WORK TO BE COMPLETED.
Please repeat only the lines below starting at the line that holds "a close up of a person holding a child" and ending at the line that holds "A spacious, modern", exactly, with both of those lines included and every picture omitted.

SUPPLIED DATA.
· · · · · · ·
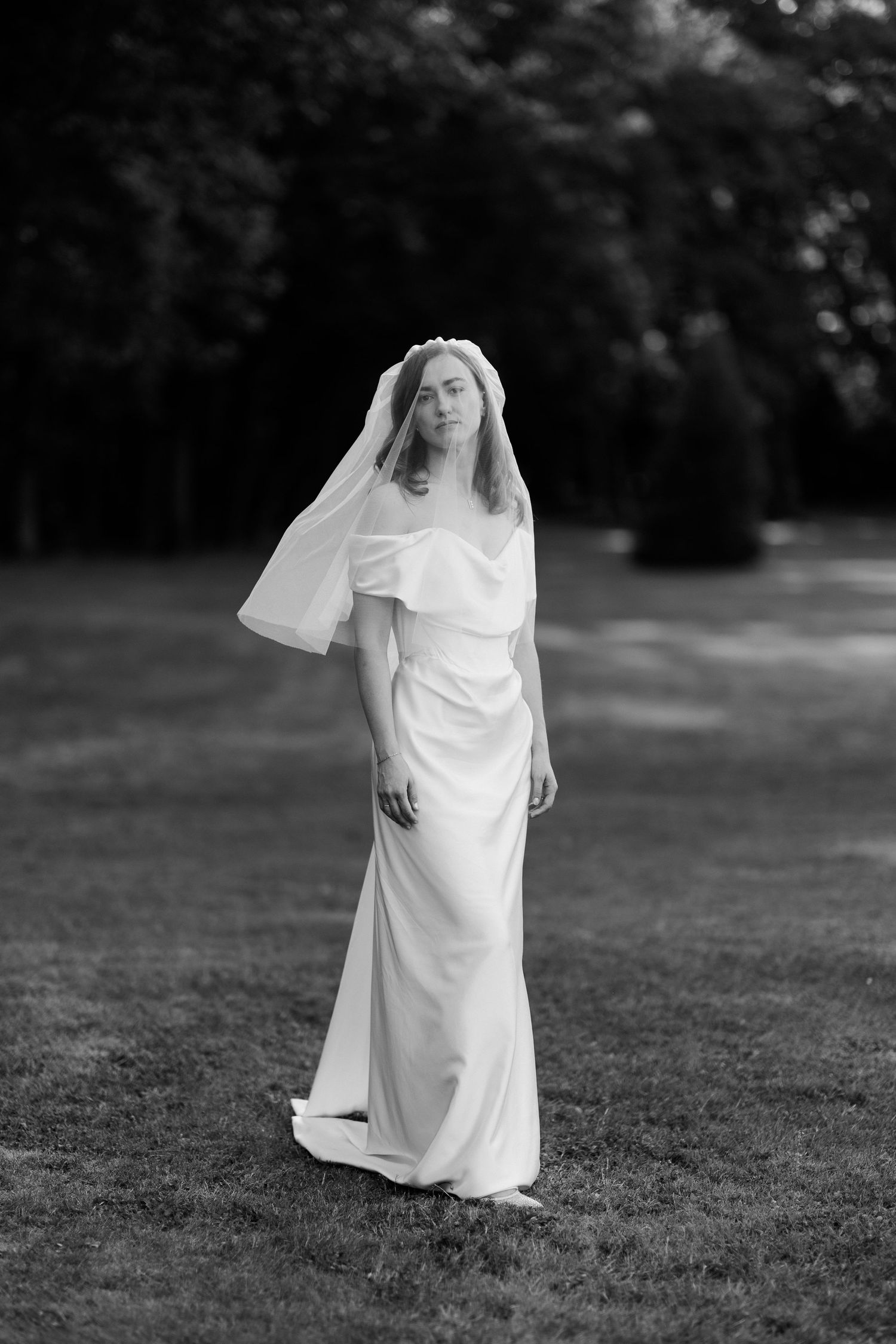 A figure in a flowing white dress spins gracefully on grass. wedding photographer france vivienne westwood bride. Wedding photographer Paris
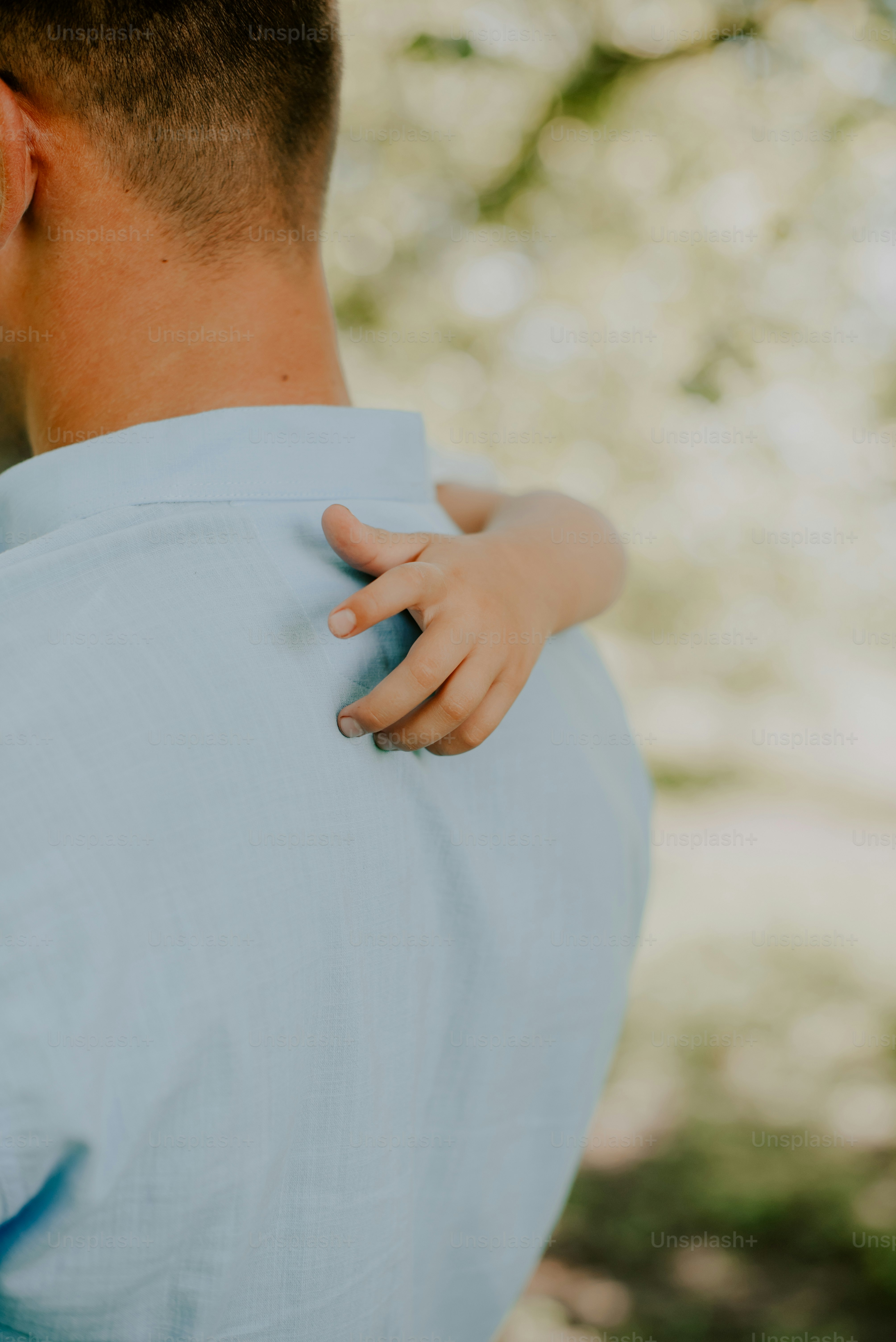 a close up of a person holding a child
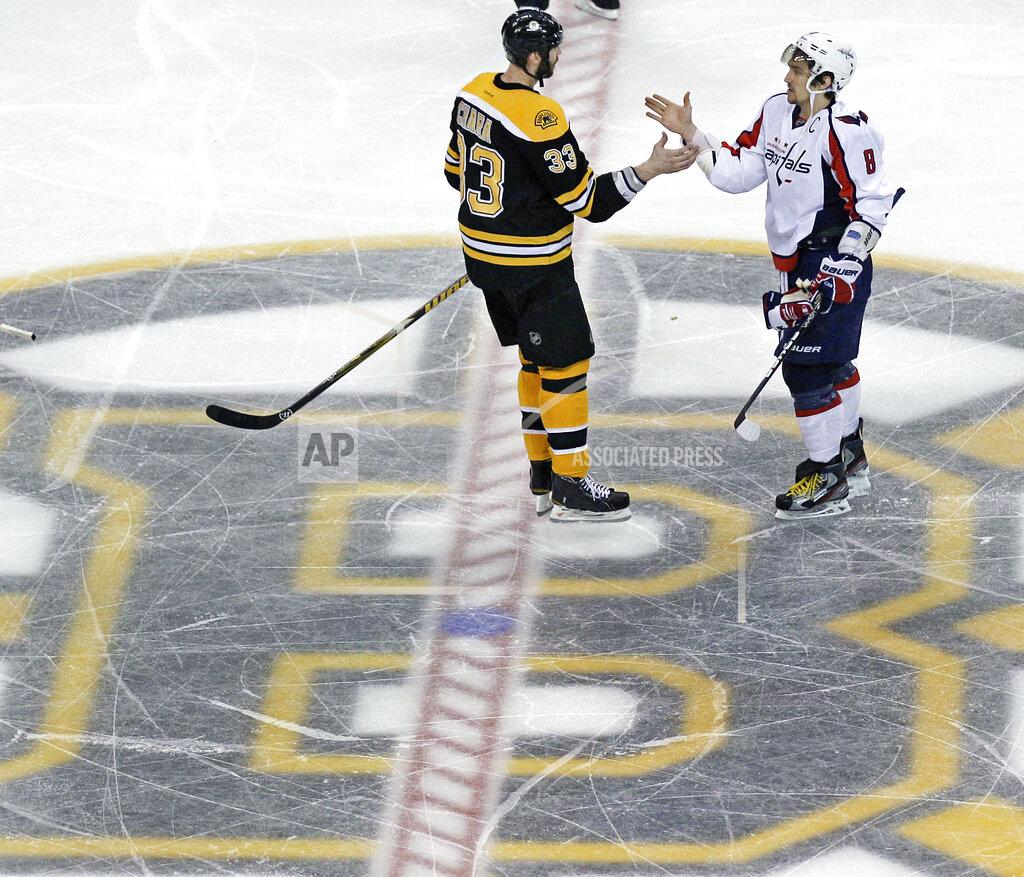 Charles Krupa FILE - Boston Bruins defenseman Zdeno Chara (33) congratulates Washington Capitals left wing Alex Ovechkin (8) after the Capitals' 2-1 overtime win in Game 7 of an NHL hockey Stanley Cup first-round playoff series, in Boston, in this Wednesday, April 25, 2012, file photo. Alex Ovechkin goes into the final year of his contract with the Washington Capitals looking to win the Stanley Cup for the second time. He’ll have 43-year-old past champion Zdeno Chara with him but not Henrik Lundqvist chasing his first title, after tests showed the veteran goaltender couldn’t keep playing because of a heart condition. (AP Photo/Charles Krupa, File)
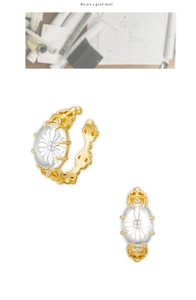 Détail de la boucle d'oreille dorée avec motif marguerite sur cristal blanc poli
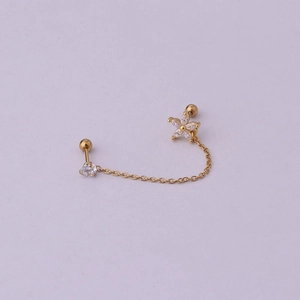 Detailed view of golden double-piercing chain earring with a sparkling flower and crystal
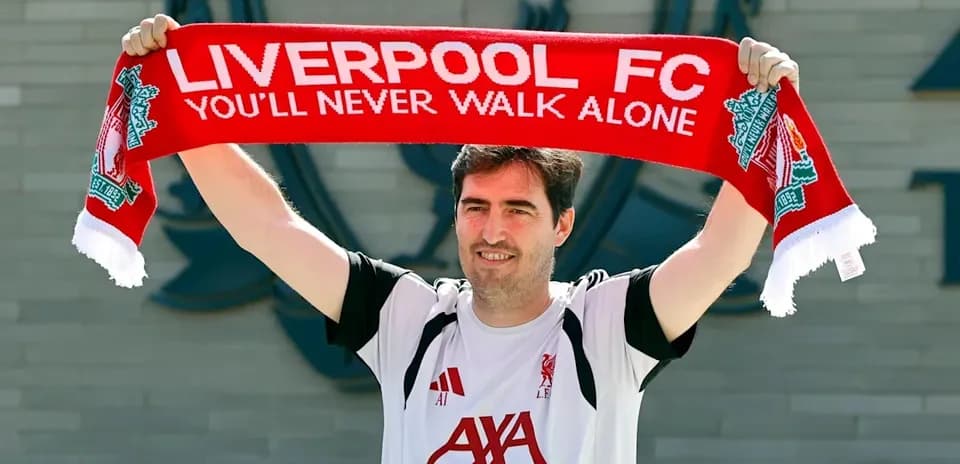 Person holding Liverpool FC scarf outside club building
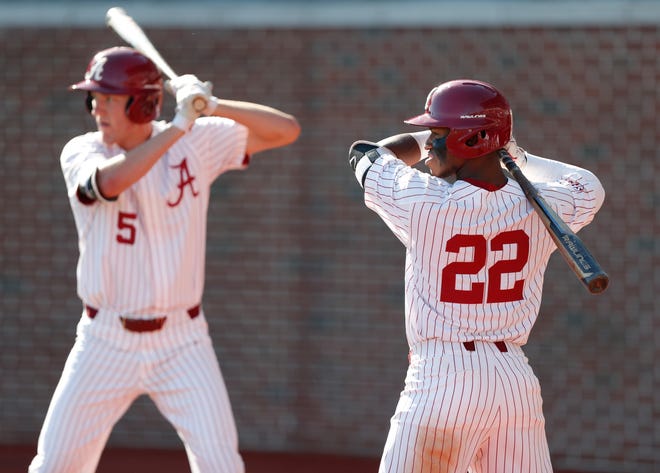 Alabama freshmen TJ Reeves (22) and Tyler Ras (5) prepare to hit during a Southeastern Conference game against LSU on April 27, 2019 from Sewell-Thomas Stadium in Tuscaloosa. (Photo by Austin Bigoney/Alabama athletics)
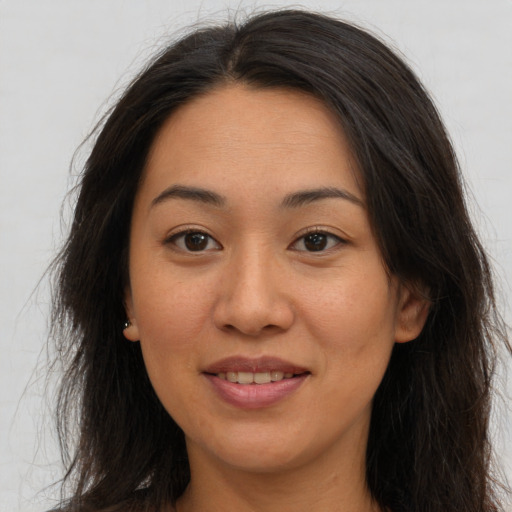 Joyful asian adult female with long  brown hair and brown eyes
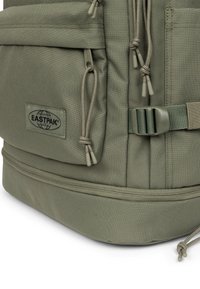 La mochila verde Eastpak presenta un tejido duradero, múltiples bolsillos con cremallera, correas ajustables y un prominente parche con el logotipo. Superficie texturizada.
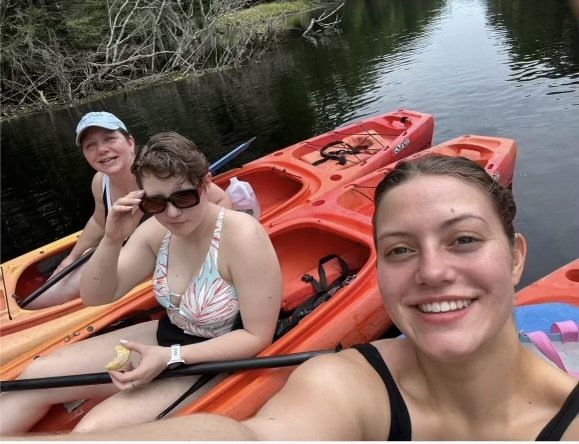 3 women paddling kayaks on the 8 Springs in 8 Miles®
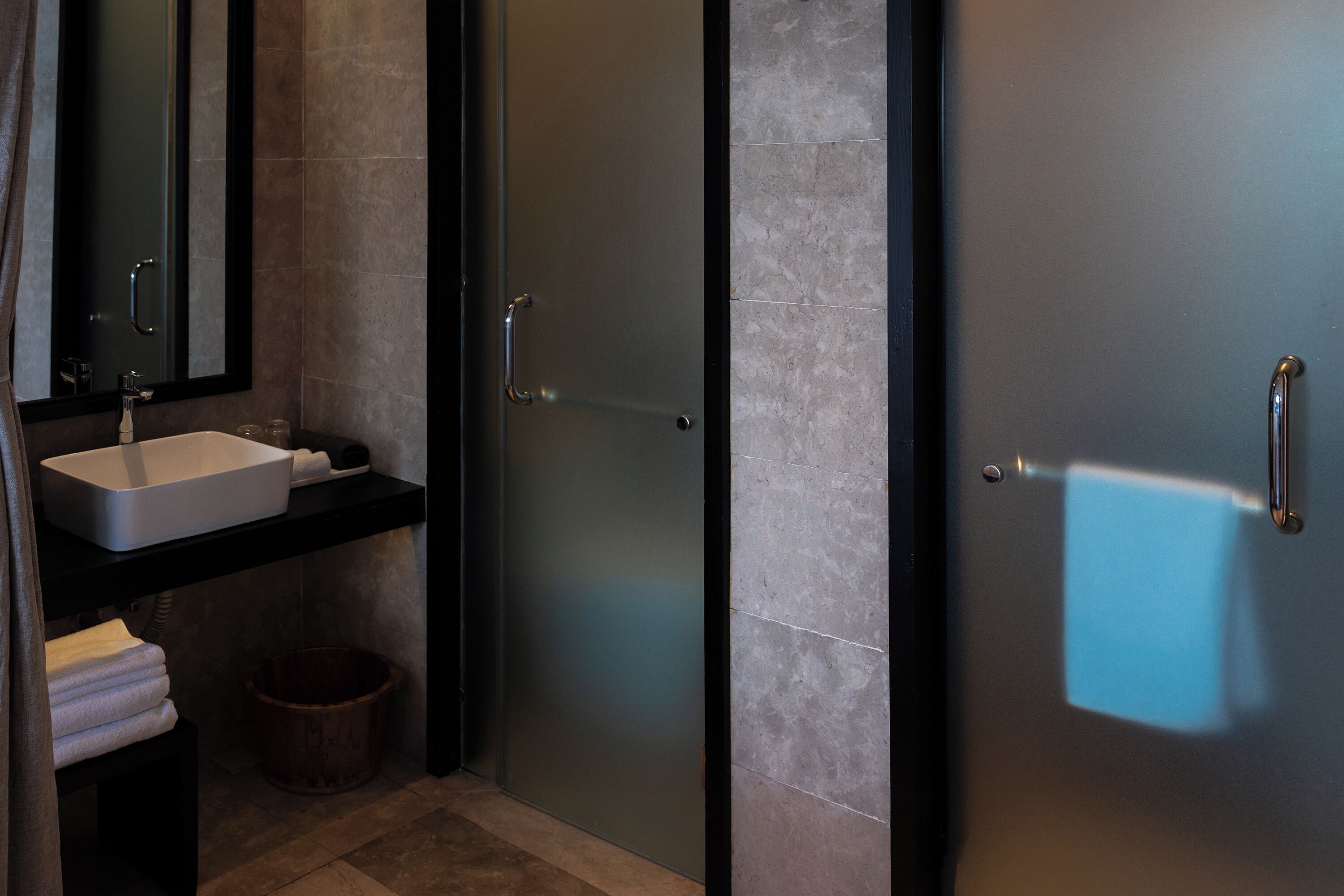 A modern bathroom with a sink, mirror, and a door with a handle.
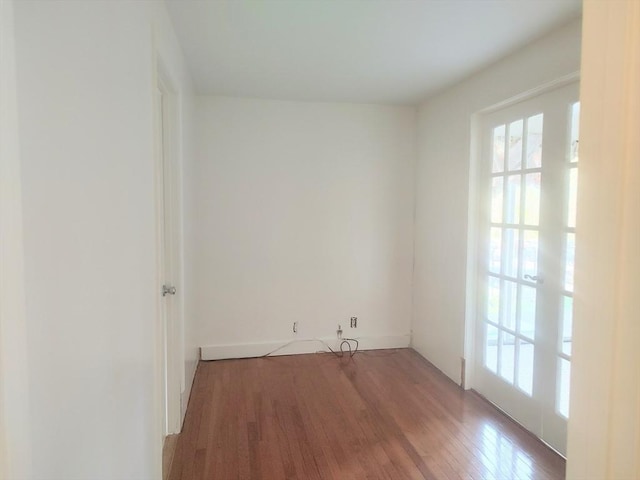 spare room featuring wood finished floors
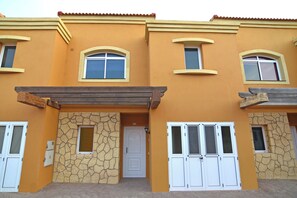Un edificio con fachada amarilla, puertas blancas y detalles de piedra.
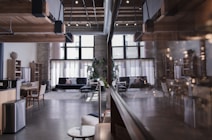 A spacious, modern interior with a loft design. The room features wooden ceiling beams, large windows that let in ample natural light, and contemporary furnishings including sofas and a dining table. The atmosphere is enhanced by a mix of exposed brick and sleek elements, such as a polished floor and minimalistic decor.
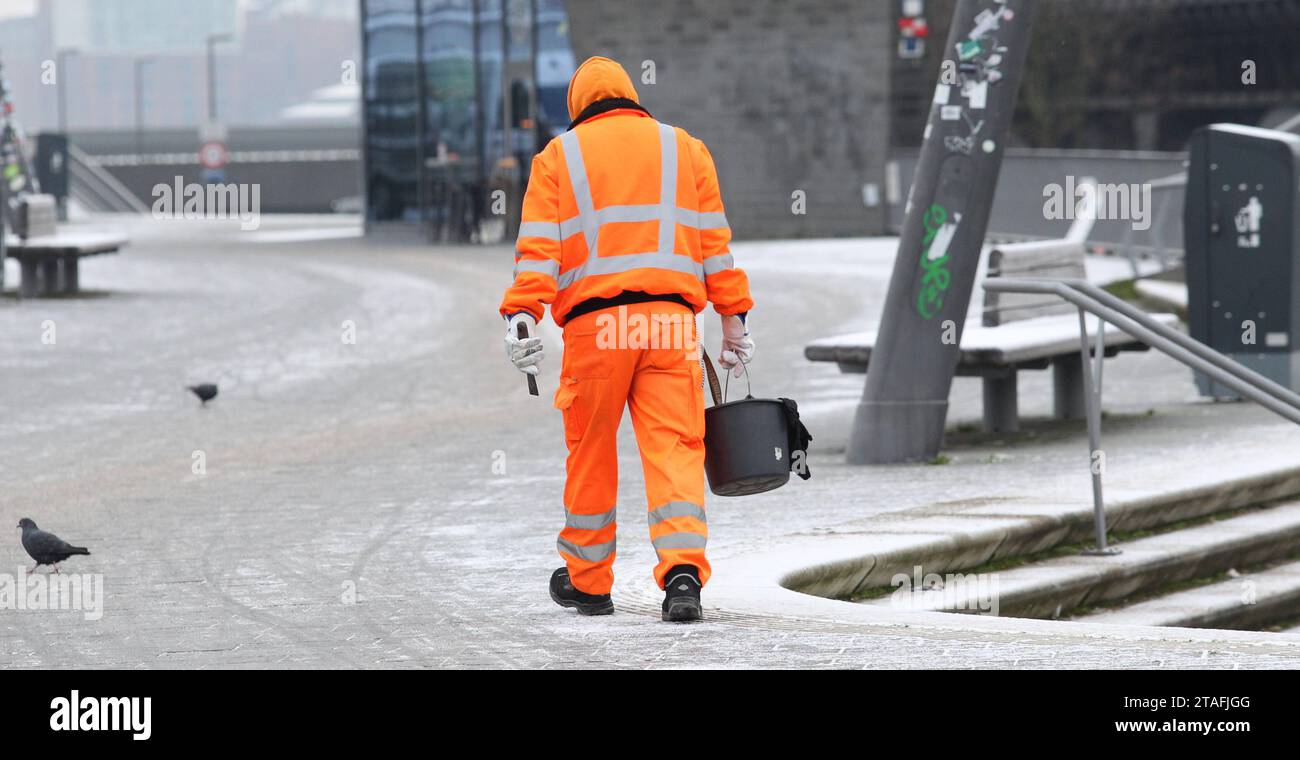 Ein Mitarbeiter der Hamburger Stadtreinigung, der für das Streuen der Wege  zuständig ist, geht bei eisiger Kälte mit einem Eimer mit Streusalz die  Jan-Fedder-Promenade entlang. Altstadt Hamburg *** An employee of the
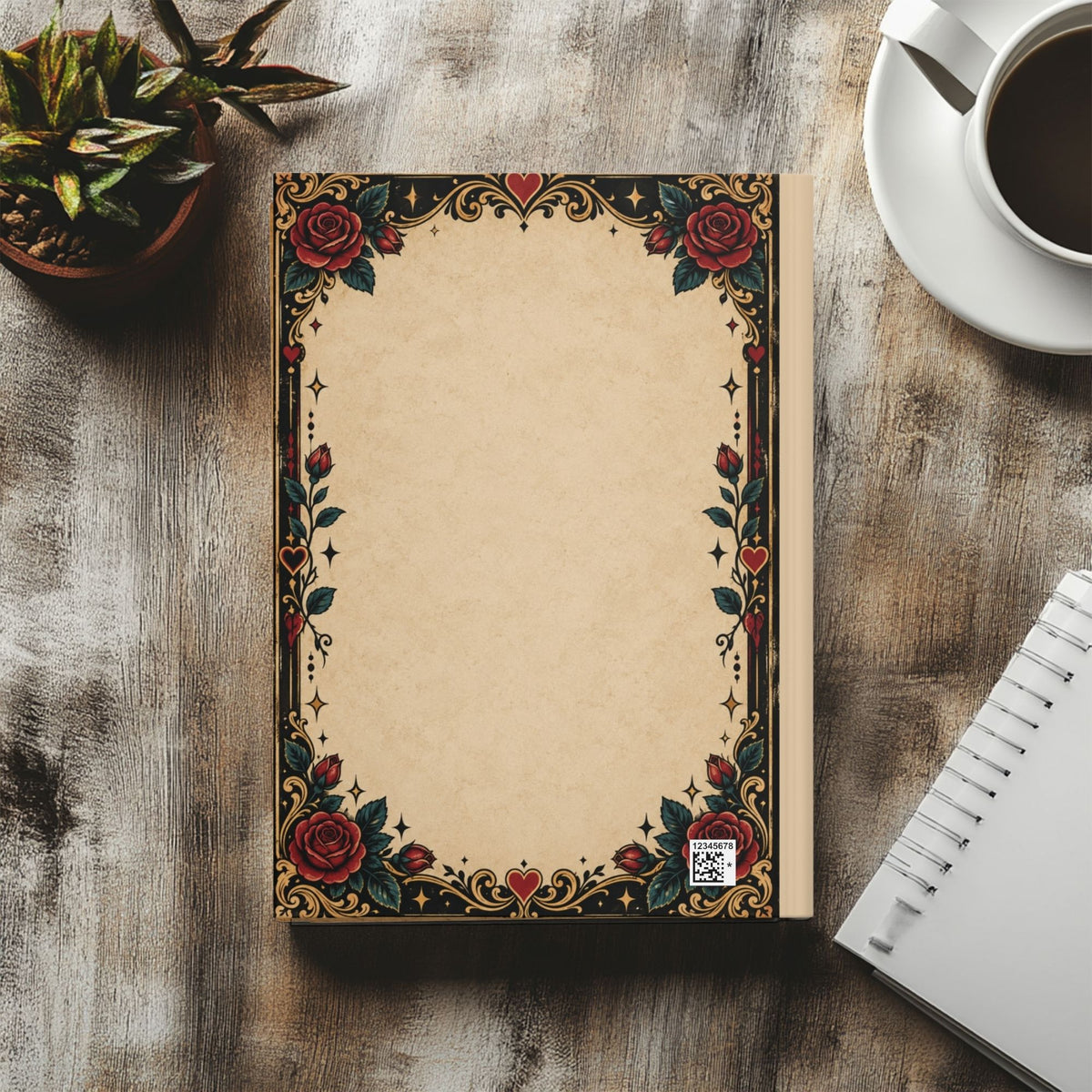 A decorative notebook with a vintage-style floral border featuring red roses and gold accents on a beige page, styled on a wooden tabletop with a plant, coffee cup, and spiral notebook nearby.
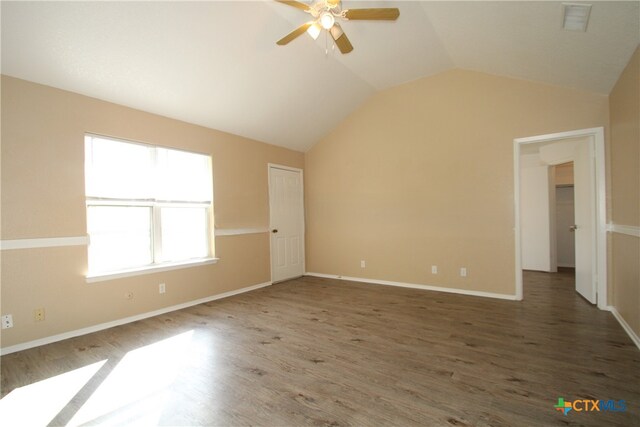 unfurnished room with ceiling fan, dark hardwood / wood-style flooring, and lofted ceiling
· · · · · · ·
RESPONSE TO THE EXERCISE.
 a close up of a person holding a child
 Charles Krupa FILE - Boston Bruins defenseman Zdeno Chara (33) congratulates Washington Capitals left wing Alex Ovechkin (8) after the Capitals' 2-1 overtime win in Game 7 of an NHL hockey Stanley Cup first-round playoff series, in Boston, in this Wednesday, April 25, 2012, file photo. Alex Ovechkin goes into the final year of his contract with the Washington Capitals looking to win the Stanley Cup for the second time. He’ll have 43-year-old past champion Zdeno Chara with him but not Henrik Lundqvist chasing his first title, after tests showed the veteran goaltender couldn’t keep playing because of a heart condition. (AP Photo/Charles Krupa, File)
 Détail de la boucle d'oreille dorée avec motif marguerite sur cristal blanc poli
 Detailed view of golden double-piercing chain earring with a sparkling flower and crystal
 Person holding Liverpool FC scarf outside club building
 Alabama freshmen TJ Reeves (22) and Tyler Ras (5) prepare to hit during a Southeastern Conference game against LSU on April 27, 2019 from Sewell-Thomas Stadium in Tuscaloosa. (Photo by Austin Bigoney/Alabama athletics)
 Joyful asian adult female with long  brown hair and brown eyes
 La mochila verde Eastpak presenta un tejido duradero, múltiples bolsillos con cremallera, correas ajustables y un prominente parche con el logotipo. Superficie texturizada.
 3 women paddling kayaks on the 8 Springs in 8 Miles®
 A modern bathroom with a sink, mirror, and a door with a handle.
 spare room featuring wood finished floors
Un edificio con fachada amarilla, puertas blancas y detalles de piedra.
 A spacious, modern interior with a loft design. The room features wooden ceiling beams, large windows that let in ample natural light, and contemporary furnishings including sofas and a dining table. The atmosphere is enhanced by a mix of exposed brick and sleek elements, such as a polished floor and minimalistic decor.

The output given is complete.